In a college football world filled with more and more pass-happy, up-tempo types such as Mississippi State second-year coach Mike Leach and new Tennessee coach Josh Heupel, the tried and true Bobo seems to stand out more and more. During his tenure as offensive coordinator under former Georgia head coach Mark Richt, Bobo oversaw the Bulldogs setting school records for yards in a season (6,547 in 2012), yards per game (484.2 in 2013) and points per game (38.4 in 2014).
That success earned him an opportunity as a head coach at Colorado State University, where he went 21-18 with three bowl appearances his first three seasons but just 7-17 in his final two years. He returned to the Southeastern Conference last year as South Carolina's offensive coordinator, helping the Gamecocks improve from 22.4 points per game in 2019 — a 72-10 humbling of Charleston Southern factored into that average — to 23.5 points per game last season against strictly SEC opposition.
New Auburn coach Bryan Harsin had five head-to-head matchups with Bobo's CSU Rams as the Boise State boss, so there was no unfamiliarity in Harsin making his biggest offensive hire.
"We're speaking the same language," Harsin said.
One of the biggest challenges this spring was getting junior quarterback Bo Nix to speak that same language as well. Nix has started for the Tigers from day one and guided them to a memorable 48-45 topping of Alabama as a freshman, but there have been plenty of inconsistencies through his first two seasons that often included taking the snap from shotgun formation and quickly bailing from the pocket.
Bobo's arrival provided an abrupt change.
"I don't know if Nix had taken 10 snaps under center in his career, but he's done a good job of that," Bobo said. "We are not going to be primarily under center, and we're not going to be primarily in the gun. We will have a good mixture of both, and it's not that difficult."
Auburn is coming off a disappointing 6-5 season that included a resounding 48-11 walloping of LSU but also the program's first loss to South Carolina since the Gamecocks joined the SEC and another inept offensive output against Georgia. Gus Malzahn could not survive the roller-coaster ride and is now at Central Florida, which opened the door for Harsin after his 69-19 run with the Broncos.
The Tigers were at their best offensively last year when the attack was built off running back Tank Bigsby, who rushed for 834 yards and 6.0 yards per carry as a freshman. Bigsby and change-of-pace senior Shaun Shivers are back and have openly embraced what Bobo is providing.

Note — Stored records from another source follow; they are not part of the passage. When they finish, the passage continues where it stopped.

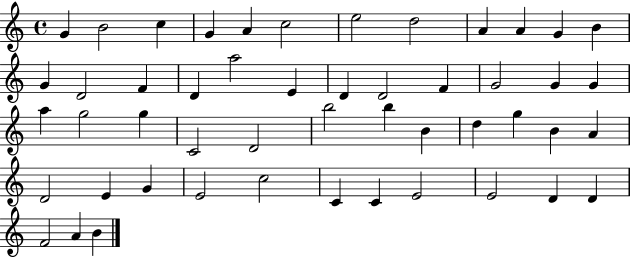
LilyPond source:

{
  \clef treble
  \time 4/4
  \defaultTimeSignature
  \key c \major
  g'4 b'2 c''4 | g'4 a'4 c''2 | e''2 d''2 | a'4 a'4 g'4 b'4 | \break g'4 d'2 f'4 | d'4 a''2 e'4 | d'4 d'2 f'4 | g'2 g'4 g'4 | \break a''4 g''2 g''4 | c'2 d'2 | b''2 b''4 b'4 | d''4 g''4 b'4 a'4 | \break d'2 e'4 g'4 | e'2 c''2 | c'4 c'4 e'2 | e'2 d'4 d'4 | \break f'2 a'4 b'4 | \bar "|."
}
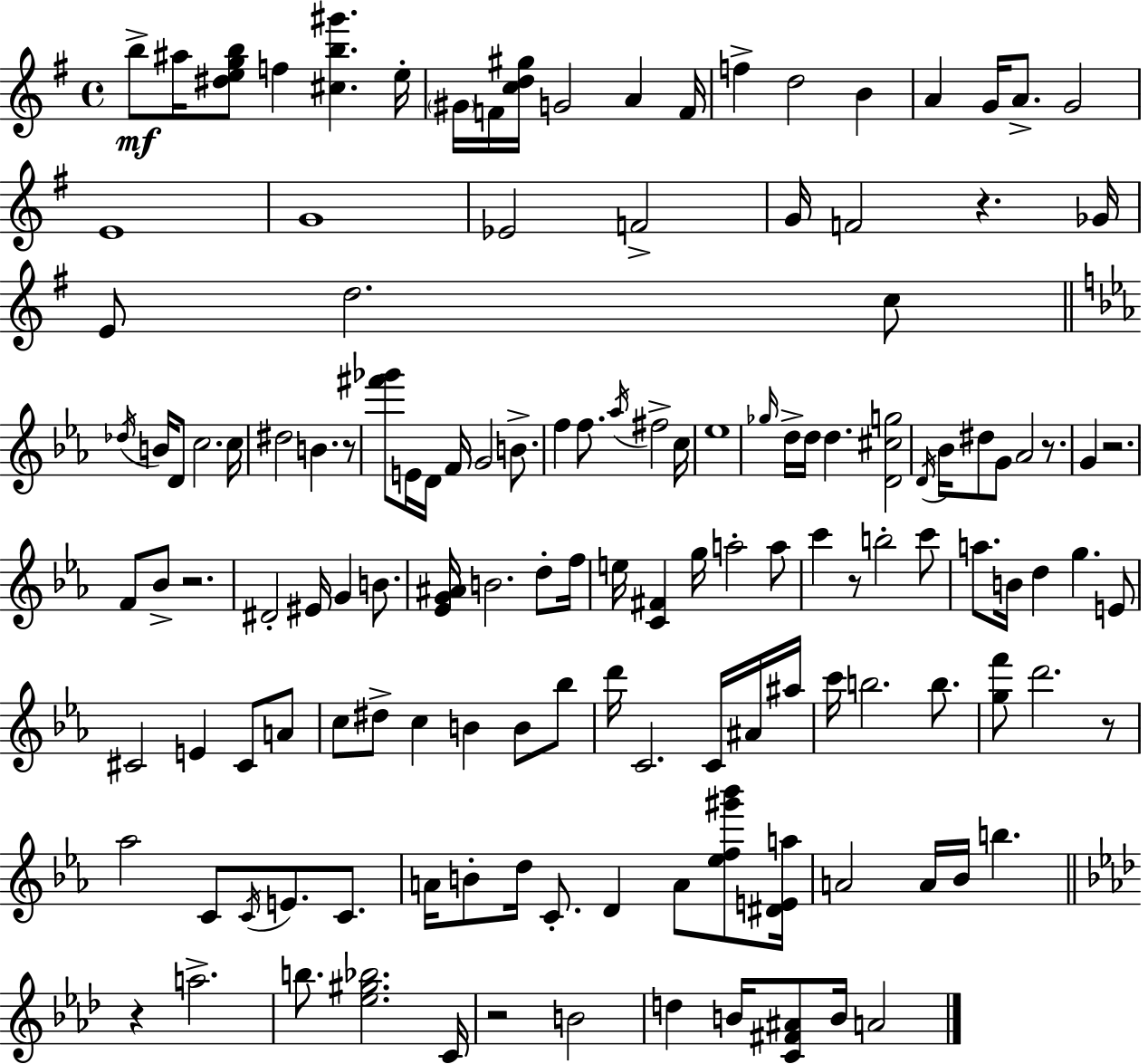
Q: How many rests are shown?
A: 9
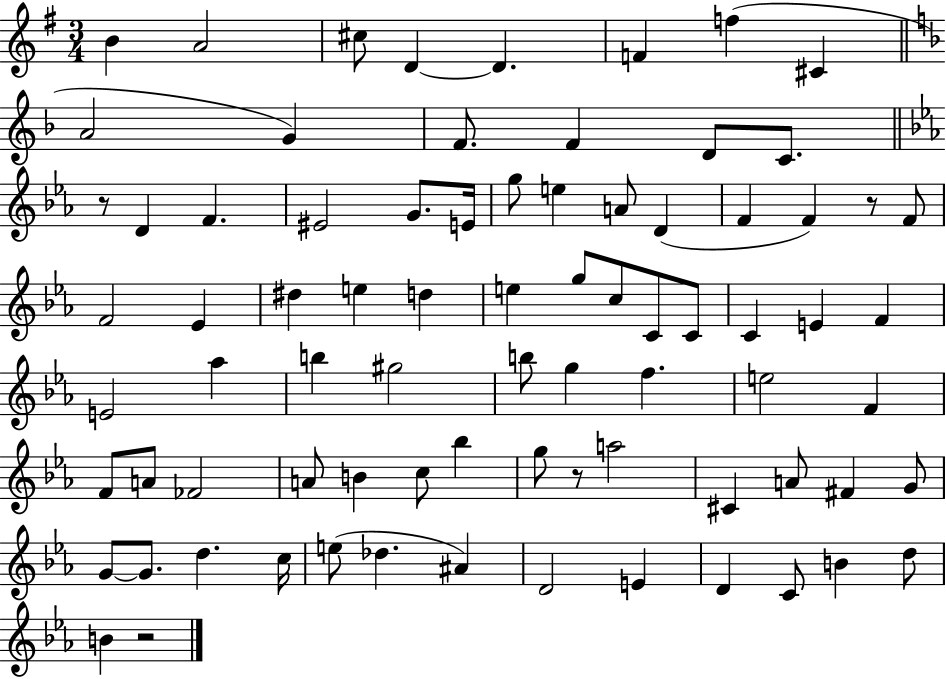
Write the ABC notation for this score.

X:1
T:Untitled
M:3/4
L:1/4
K:G
B A2 ^c/2 D D F f ^C A2 G F/2 F D/2 C/2 z/2 D F ^E2 G/2 E/4 g/2 e A/2 D F F z/2 F/2 F2 _E ^d e d e g/2 c/2 C/2 C/2 C E F E2 _a b ^g2 b/2 g f e2 F F/2 A/2 _F2 A/2 B c/2 _b g/2 z/2 a2 ^C A/2 ^F G/2 G/2 G/2 d c/4 e/2 _d ^A D2 E D C/2 B d/2 B z2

"We're more downhill this year," Bigsby said. "We've got Mike Bobo, and we've got Coach Harsin, and they're big offensive guys. I feel like we're going to be really good at what we do, especially running the ball. I feel like we're going to be great at that."

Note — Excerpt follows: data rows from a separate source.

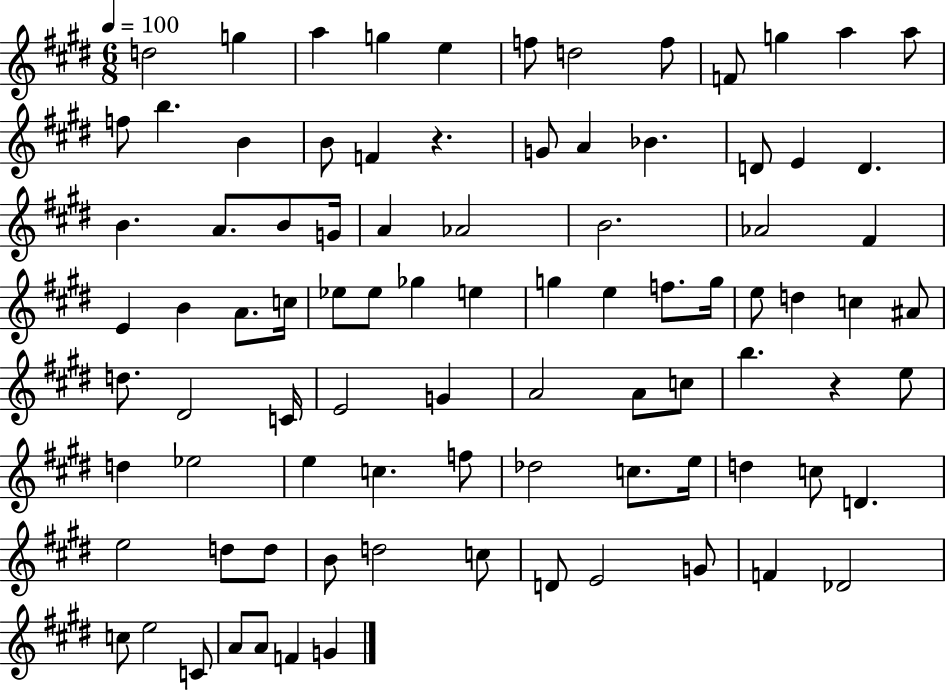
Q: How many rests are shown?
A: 2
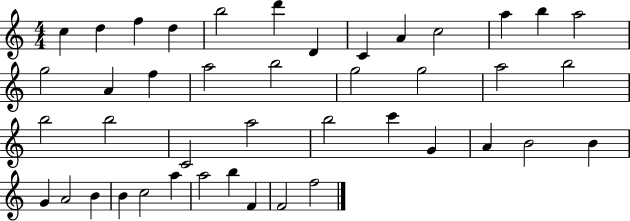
X:1
T:Untitled
M:4/4
L:1/4
K:C
c d f d b2 d' D C A c2 a b a2 g2 A f a2 b2 g2 g2 a2 b2 b2 b2 C2 a2 b2 c' G A B2 B G A2 B B c2 a a2 b F F2 f2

Said Shivers: "It's more like attacking the defense. I think it's more of our style here as running backs — to get downhill and just do what we do."
Bobo was effective calling the two-minute offense in Athens with the likes of Matthew Stafford and Aaron Murray at quarterback, and his love of power football was understandable with a stretch of running backs that included Knowshon Moreno, Todd Gurley and Nick Chubb, who rushed for 1,547 yards as a freshman during Bobo's final season in 2014. It hasn't taken long for Bobo to find favor with Bigsby, either.

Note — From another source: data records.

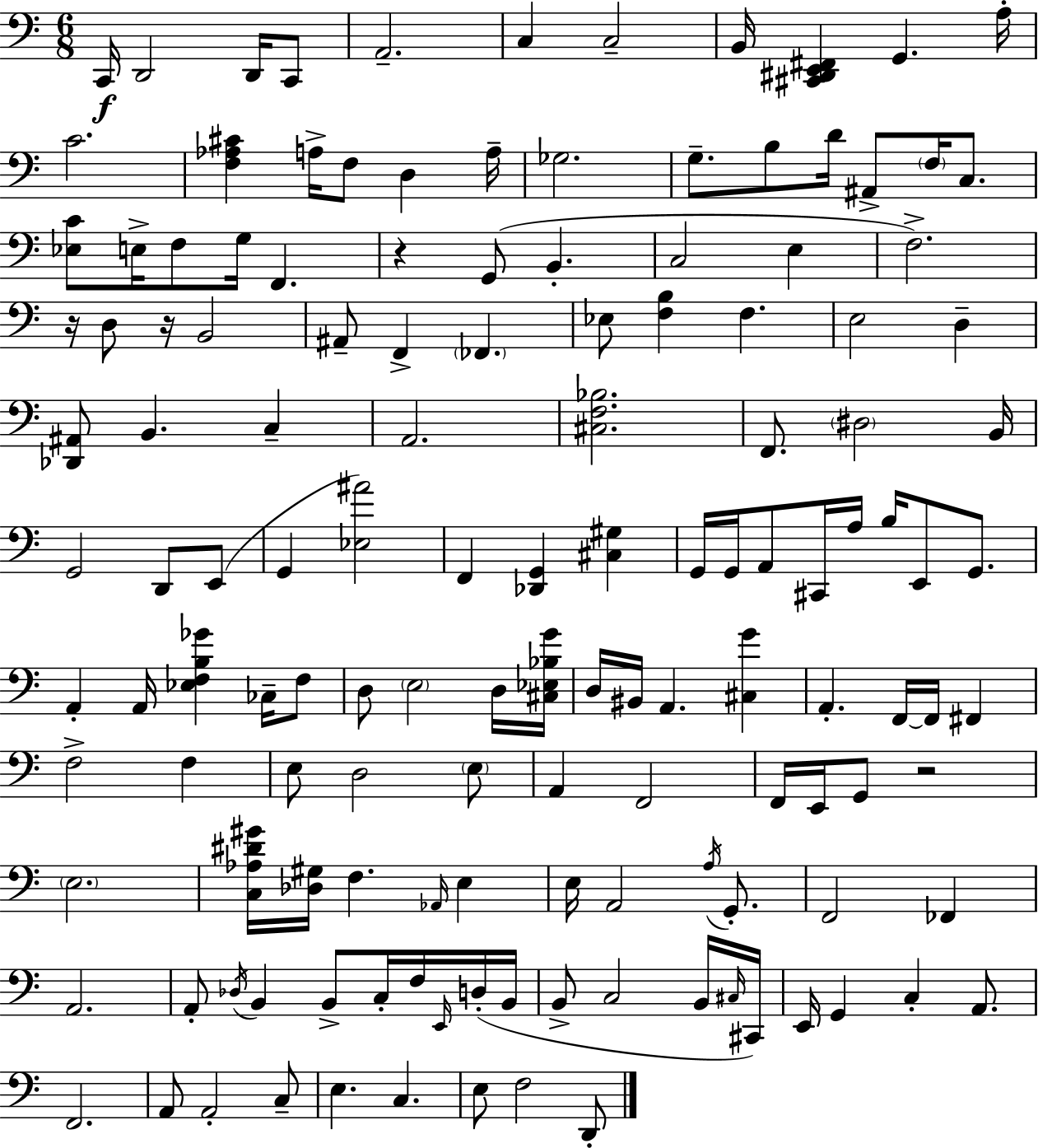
{
  \clef bass
  \numericTimeSignature
  \time 6/8
  \key c \major
  c,16\f d,2 d,16 c,8 | a,2.-- | c4 c2-- | b,16 <cis, dis, e, fis,>4 g,4. a16-. | \break c'2. | <f aes cis'>4 a16-> f8 d4 a16-- | ges2. | g8.-- b8 d'16 ais,8-> \parenthesize f16 c8. | \break <ees c'>8 e16-> f8 g16 f,4. | r4 g,8( b,4.-. | c2 e4 | f2.->) | \break r16 d8 r16 b,2 | ais,8-- f,4-> \parenthesize fes,4. | ees8 <f b>4 f4. | e2 d4-- | \break <des, ais,>8 b,4. c4-- | a,2. | <cis f bes>2. | f,8. \parenthesize dis2 b,16 | \break g,2 d,8 e,8( | g,4 <ees ais'>2) | f,4 <des, g,>4 <cis gis>4 | g,16 g,16 a,8 cis,16 a16 b16 e,8 g,8. | \break a,4-. a,16 <ees f b ges'>4 ces16-- f8 | d8 \parenthesize e2 d16 <cis ees bes g'>16 | d16 bis,16 a,4. <cis g'>4 | a,4.-. f,16~~ f,16 fis,4 | \break f2-> f4 | e8 d2 \parenthesize e8 | a,4 f,2 | f,16 e,16 g,8 r2 | \break \parenthesize e2. | <c aes dis' gis'>16 <des gis>16 f4. \grace { aes,16 } e4 | e16 a,2 \acciaccatura { a16 } g,8.-. | f,2 fes,4 | \break a,2. | a,8-. \acciaccatura { des16 } b,4 b,8-> c16-. | f16 \grace { e,16 } d16-.( b,16 b,8-> c2 | b,16 \grace { cis16 }) cis,16 e,16 g,4 c4-. | \break a,8. f,2. | a,8 a,2-. | c8-- e4. c4. | e8 f2 | \break d,8-. \bar "|."
}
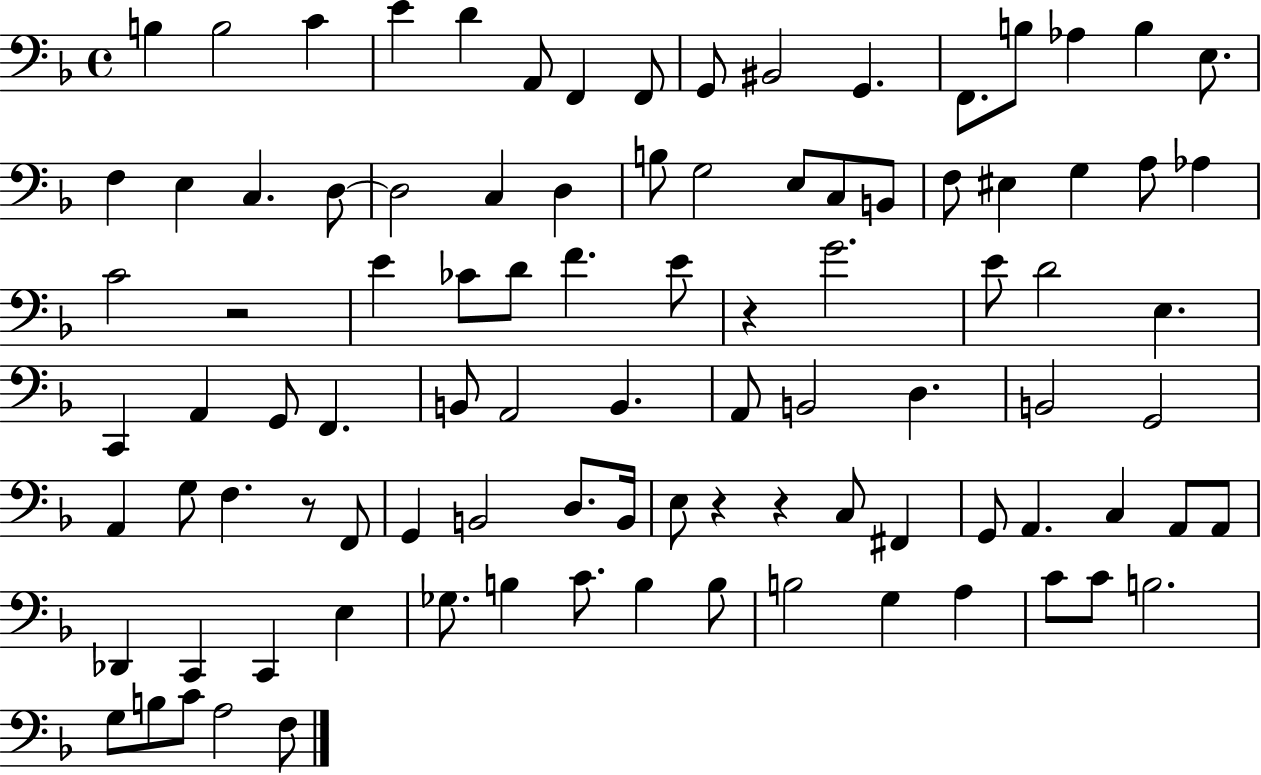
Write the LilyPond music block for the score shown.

{
  \clef bass
  \time 4/4
  \defaultTimeSignature
  \key f \major
  \repeat volta 2 { b4 b2 c'4 | e'4 d'4 a,8 f,4 f,8 | g,8 bis,2 g,4. | f,8. b8 aes4 b4 e8. | \break f4 e4 c4. d8~~ | d2 c4 d4 | b8 g2 e8 c8 b,8 | f8 eis4 g4 a8 aes4 | \break c'2 r2 | e'4 ces'8 d'8 f'4. e'8 | r4 g'2. | e'8 d'2 e4. | \break c,4 a,4 g,8 f,4. | b,8 a,2 b,4. | a,8 b,2 d4. | b,2 g,2 | \break a,4 g8 f4. r8 f,8 | g,4 b,2 d8. b,16 | e8 r4 r4 c8 fis,4 | g,8 a,4. c4 a,8 a,8 | \break des,4 c,4 c,4 e4 | ges8. b4 c'8. b4 b8 | b2 g4 a4 | c'8 c'8 b2. | \break g8 b8 c'8 a2 f8 | } \bar "|."
}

"He's not complacent," Bobo said. "He doesn't think he's arrived. The great ones have it in them. They always want to get better and push themselves, which makes my job easier."
Auburn is rebuilding at receiver after losing Anthony Schwartz, Eli Stove and Seth Williams, but the Tigers do have five starters back up front. Only time will tell if Auburn can evoke the Pat Dye days of wearing down rivals on the way to SEC championships, and the talent that is being assembled annually at Alabama and Georgia will make that task quite towering.
The Tigers certainly have an offensive coordinator eager to give it a try.
"We're going to have elements of spread, and we're going to have elements under center," Bobo said. "We're going to have elements of two tight ends and elements of fullback. We want to be able to do everything. We want to be a wide-open, pro-style offense."